From stating that he’ll make Japan — a close U.S. ally — pay for its longstanding American support, to declaring generational warfare on terrorists, Trump’s rhetoric appears to have finally crossed a line for those conservatives that have made their careers in foreign policy.

The letter’s signatories include Frances Townsend, a former homeland security adviser to President George W. Bush, and Dov Zakheim, a former undersecretary of defense in the same administration. The letter was published Wednesday night on the foreign policy site War on the Rocks.

The letter was the byproduct of a Twitter back and forth by Eliot Cohen, a former State Department official also under Bush and Bryan McGrath a one-time naval adviser to former Massachusetts governor Mitt Romney’s 2012 campaign.

“Do you want to do something about this?” McGrath recalls writing to Cohen, and soon they were bouncing a draft of the letter to their respective address books.

The short, bullet-pointed document hits Trump on issues ranging from his praise of Russian President Vladimir Putin, his nonchalance about torture, being “fundamentally dishonest” and his anti-Muslim rhetoric.

On Friday, Reuters reported that Trump is being “informally advised” by retired U.S. Army Lt. Gen. Michael Flynn. Flynn was chief of the Defense Intelligence Agency under President Obama from 2012-2014, and has long advocated for a warmer relationship with Russia.

“[Trump’s] vision of American influence and power in the world is wildly inconsistent and unmoored in principle. He swings from isolationism to military adventurism within the space of one sentence,” the letter reads.

The letter comes just days after Michael Hayden, the former head of the Central Intelligence Agency and the National Security Agency, said that the U.S. military might disobey orders if Trump becomes President.

McGrath said that he has faced some criticism regarding the letter, including that its signers are the exact type of establishment Republicans that Trump has been railing against.

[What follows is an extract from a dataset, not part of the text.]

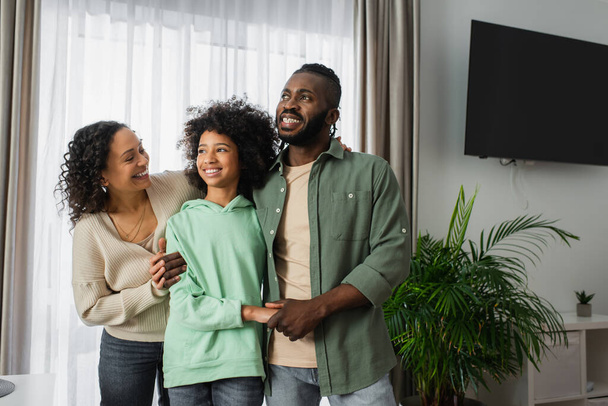 smiling african american parents hugging cheerful preteen daughter at home - Φωτογραφία, εικόνα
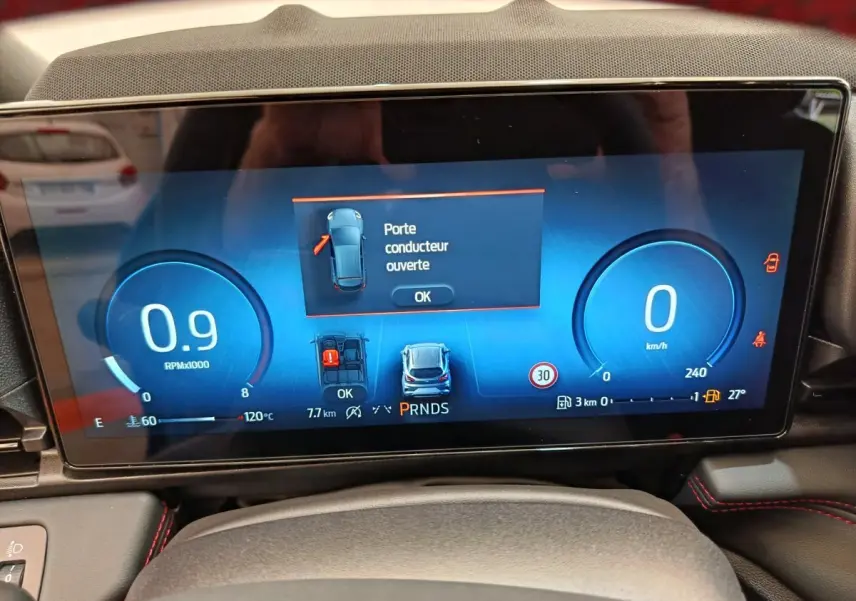 Affichage numérique du combiné d'instruments du Ford Puma bleu 2025, indiquant porte conducteur ouverte et vitesse à 0 km/h.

He also said that some have interpreted the letter as leaving open the possibility that instead of voting for Trump, McGrath and his co-signatories might instead support former secretary of state Hillary Clinton.

“I would never write a letter or sign a letter that carries that kind of implication,” McGrath said. “The only implication here is that we’re not going to support Donald Trump.”

McGrath added that he hopes voters see that the letter constitutes the views of “a reasonable group of people who work in this field” and that they realize Trump is unsuited for the job of president.

“I want to be on record saying that this man is not presidential material,” McGrath said. “And this was the best way I could do it and bring some friends along.”